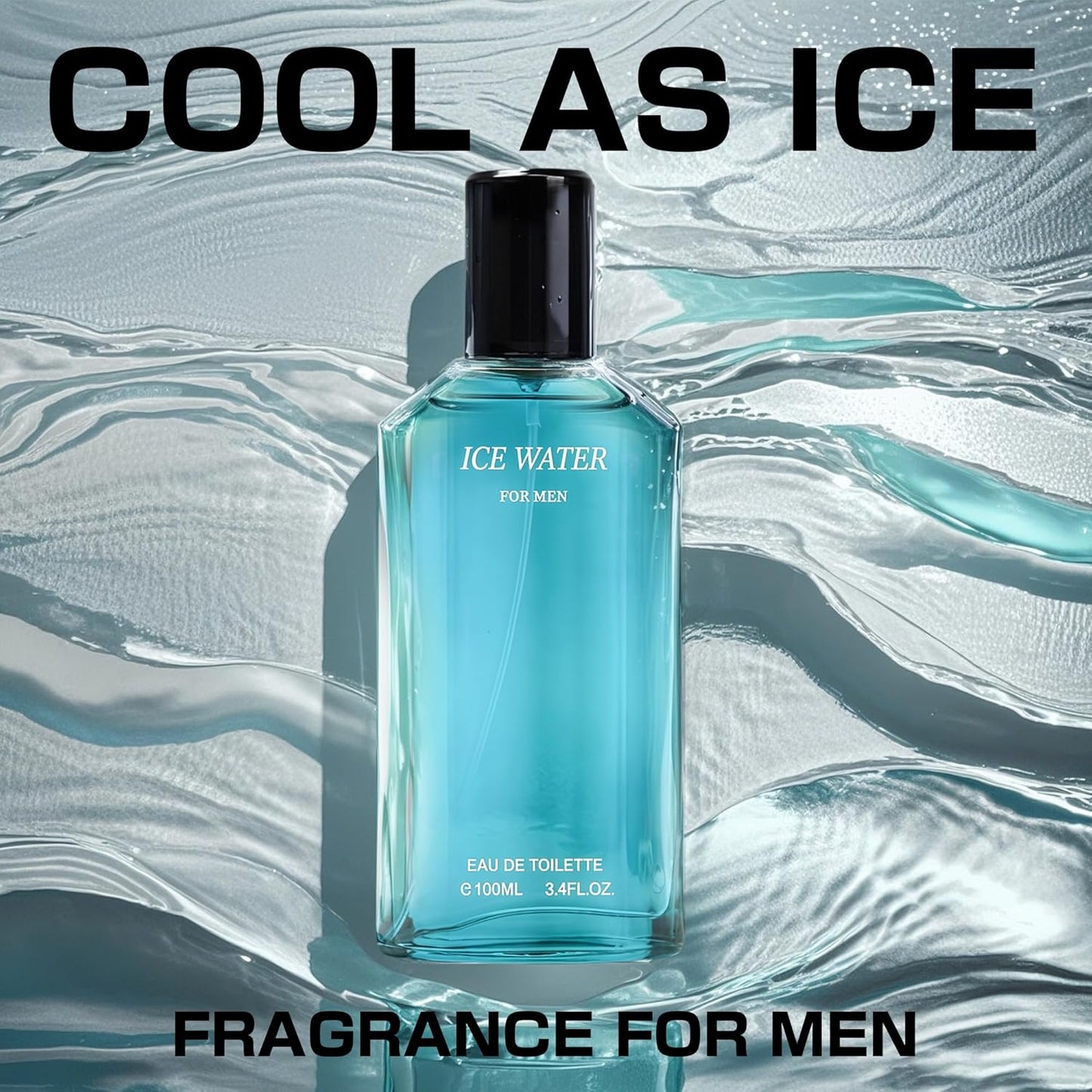 Ice Water Men Cologne 3.4 Fl Oz Eau De Toilette Spray,Notes of Coriander, Mint, Lavender & Amber – Long Lasting Perfume for Men Daily Use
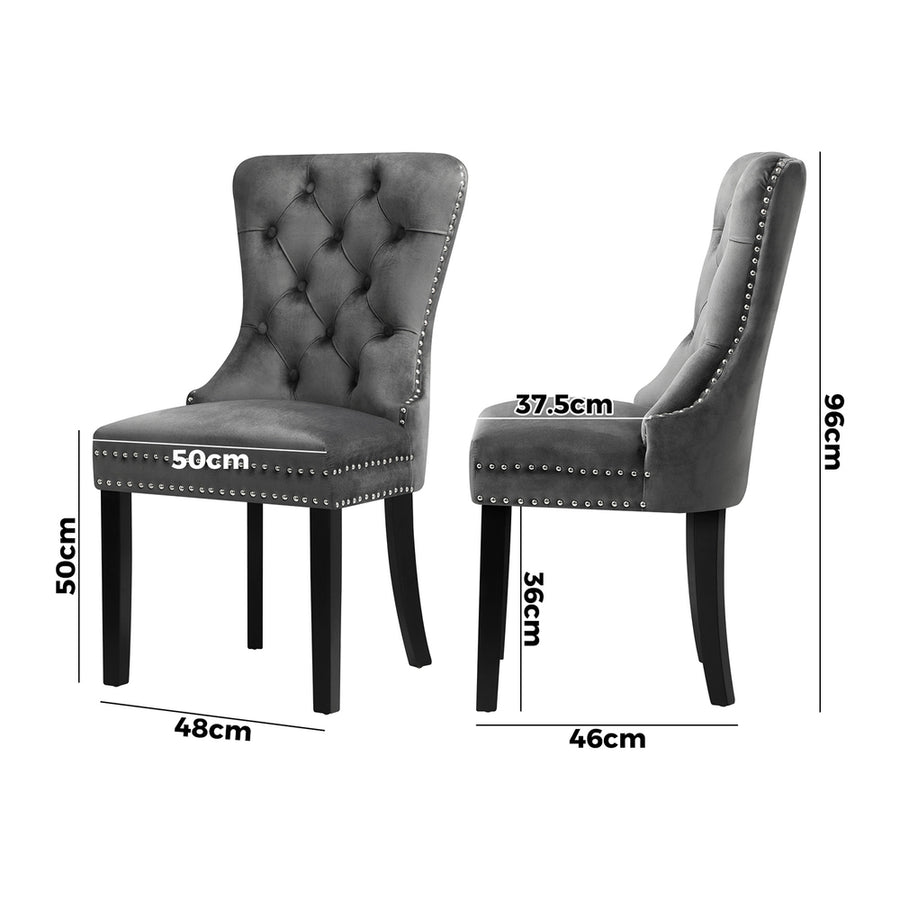 Oikiture Velvet Dining Chair with French Tufted X2 Grey, image 5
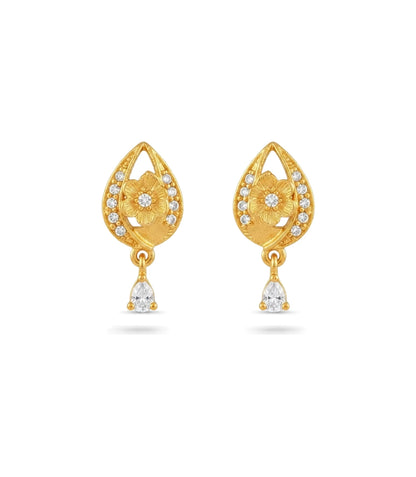 Gold Plated Brilliant AD Drop Earrings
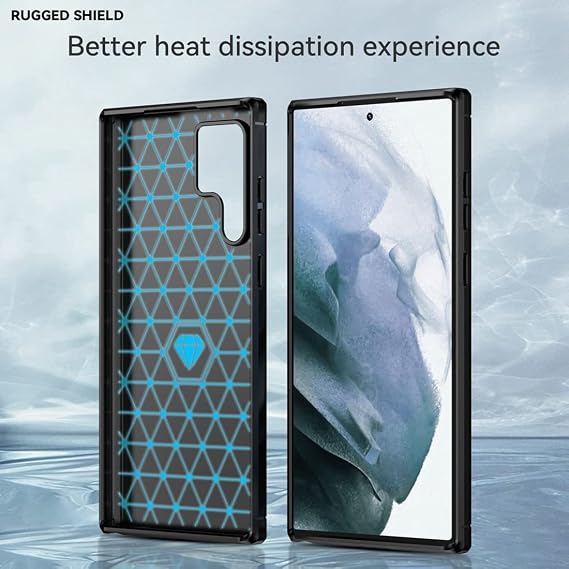 CoverON Designed for Samsung Galaxy S23 Ultra Case Slim, Minimal Thin TPU Rubber Flexible Skin Cover Shockproof Protective Silicone Sleeve Fit Galaxy S23 Ultra Phone Case - Black Carbon Fiber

• _The task_:
Everything in the listing should be repeated exactly except the pictures.

• _Answer for this exercise_:
 Ice Water Men Cologne 3.4 Fl Oz Eau De Toilette Spray,Notes of Coriander, Mint, Lavender & Amber – Long Lasting Perfume for Men Daily Use
 Oikiture Velvet Dining Chair with French Tufted X2 Grey, image 5
 Gold Plated Brilliant AD Drop Earrings
 CoverON Designed for Samsung Galaxy S23 Ultra Case Slim, Minimal Thin TPU Rubber Flexible Skin Cover Shockproof Protective Silicone Sleeve Fit Galaxy S23 Ultra Phone Case - Black Carbon Fiber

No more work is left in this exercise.